A study released by Greenpeace on Wednesday stated that the Middle East faces a high risk of food and water shortages, extreme heat waves, and other climate-related hazards.

The “Living on the Edge” report, which was released just days before the UN climate conference in Egypt, concentrated on Algeria, Egypt, Lebanon, Morocco, Tunisia, and the United Arab Emirates.

It was discovered that the Middle East is warming almost twice as quickly as the rest of the world, making its water and food supplies “extremely vulnerable” to climate change.

The report read, “In all six countries discussed in this report, there will be a very high risk of water scarcity in all regions, which will negatively affect agriculture and human health.”

Drought and water scarcity could impact crop yields in future decades, which will exacerbate reliance on food imports, the report added.

Kathryn Miller, science consultant at Greenpeace Research Laboratories said in a statement, “The region as a whole is warming fast, with an accelerated rate of 0.4 degrees Celsius per decade since the 1980s — nearly twice the global average.”

The report predicted that 80% of the Middle East’s and North Africa’s densely populated cities would likely experience heat waves for at least half of the warm season by the turn of the century.

Peak temperatures during extreme future heatwaves could exceed 56 degrees Celsius in some areas, including the Gulf region (132 Fahrenheit).

Already, the consequences are being felt. Greenpeace regional director Ghiwa Nakat said, “Lives are being lost, homes destroyed, crops are failing, livelihoods are jeopardised and cultural heritage is being wiped out.”

“It is absolutely vital that we transition away from fossil fuels and move towards energy independence,” Nakat added.

The UAE and Saudi Arabia, two major oil exporters, make the case for continuing to invest in fossil fuels in order to finance the switch to clean energy.

The Greenpeace study was released ahead of Sunday’s start of the COP27 climate conference in Egypt.

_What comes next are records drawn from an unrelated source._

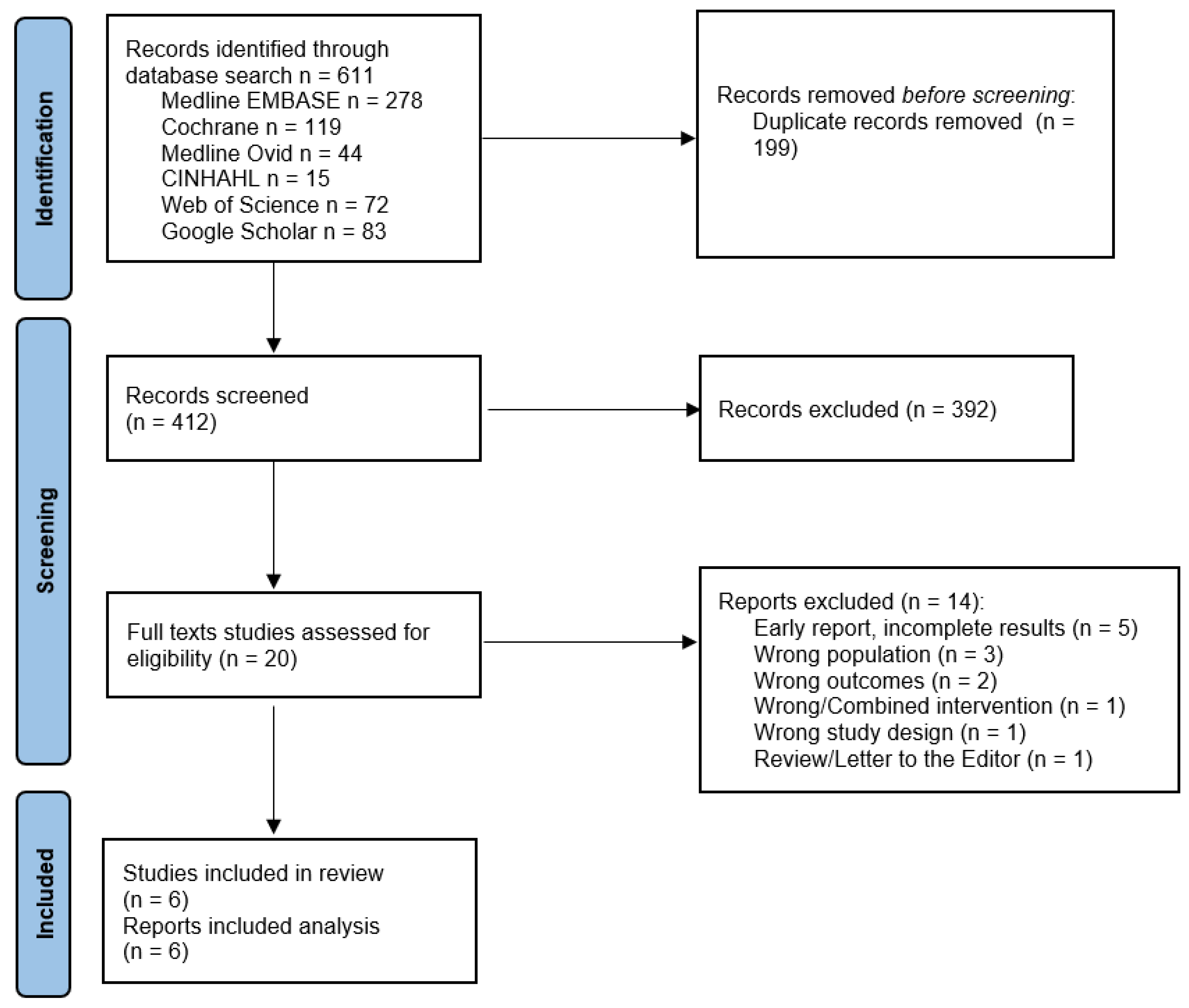 Jcm 12 00772 g001 Jcm 12 00772 g001
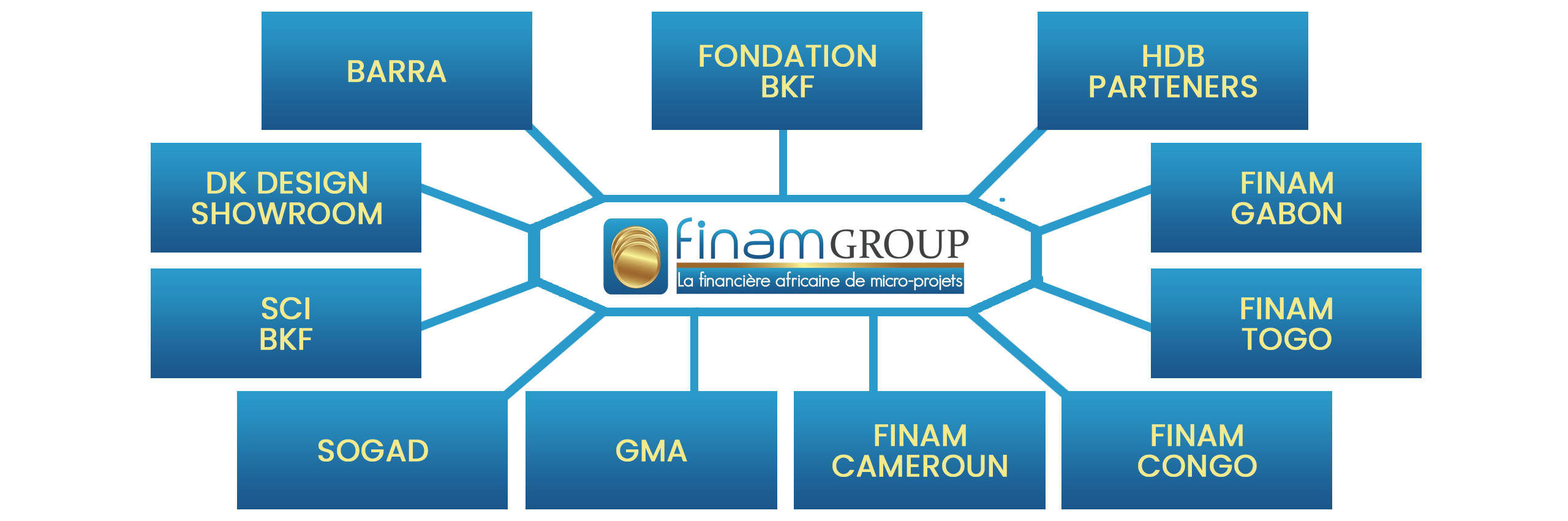 Finam Organisation - Nos participations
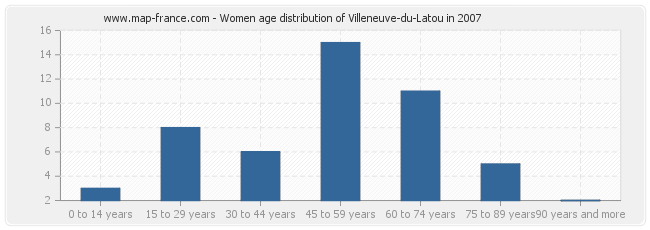 Women age distribution of Villeneuve-du-Latou in 2007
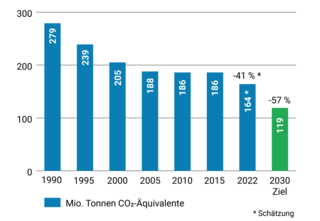 Emissionsentwicklung im Industriesektor 1990 bis 2030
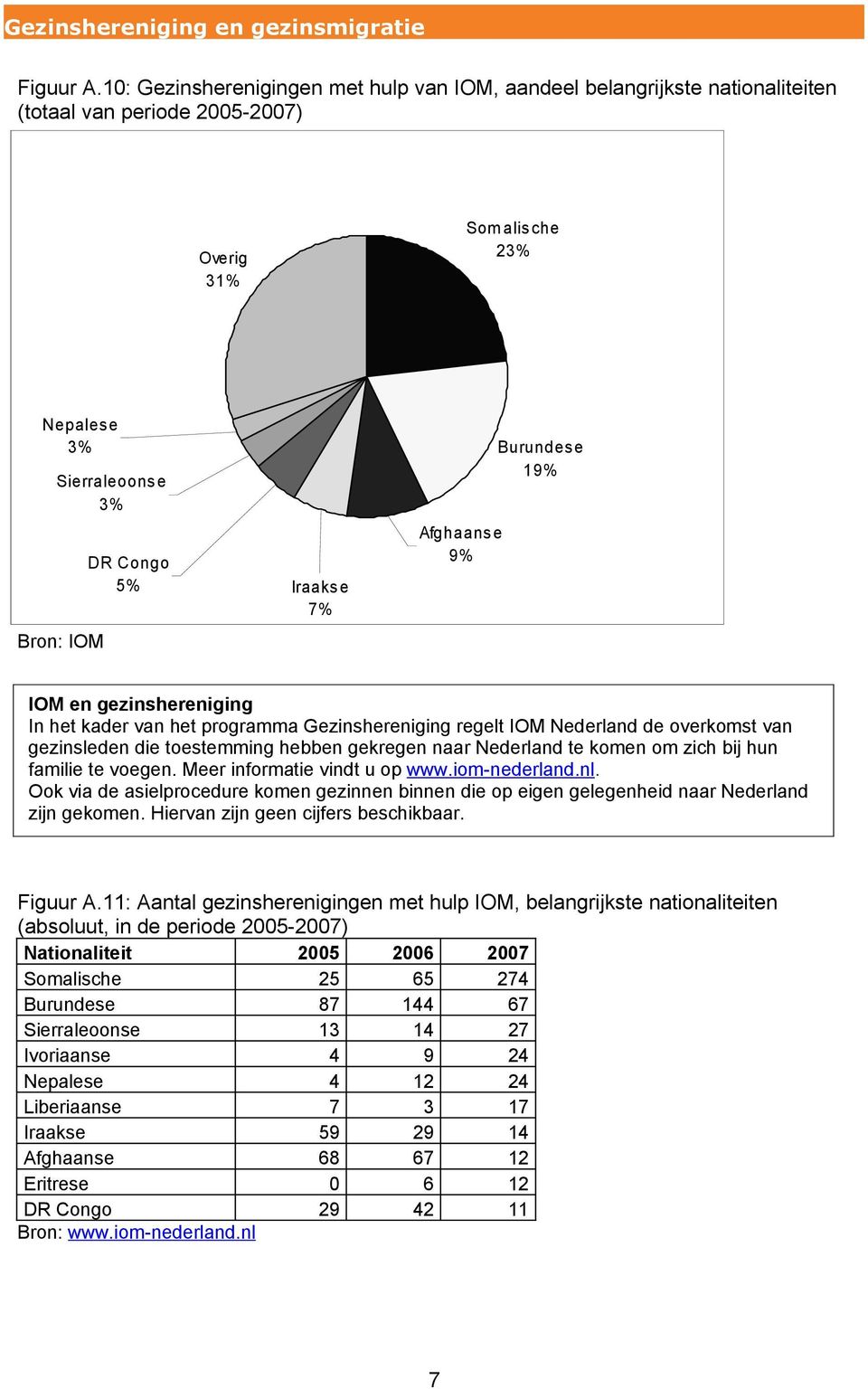 Afghaans e 9% Burundese 19% IOM en gezinshereniging In het kader van het programma Gezinshereniging regelt IOM Nederland de overkomst van gezinsleden die toestemming hebben gekregen naar Nederland te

The most recent round of climate negotiations will feature participation from nearly 200 nations.

The goal set at COP26 last year, which the world is on track to miss given current emission trends, was to limit global warming to 1.5 degrees Celsius above pre-industrial levels.

According to the report, the Middle East and North Africa (MENA) region is warming almost twice as quickly as the global average and is especially susceptible to the effects and impacts of climate change, including extreme water scarcity.

Greenpeace MENA is requesting climate justice from world leaders at COP27 in the form of the establishment and funding of a loss and damage finance facility to compensate vulnerable communities that have been severely affected by the climate crisis.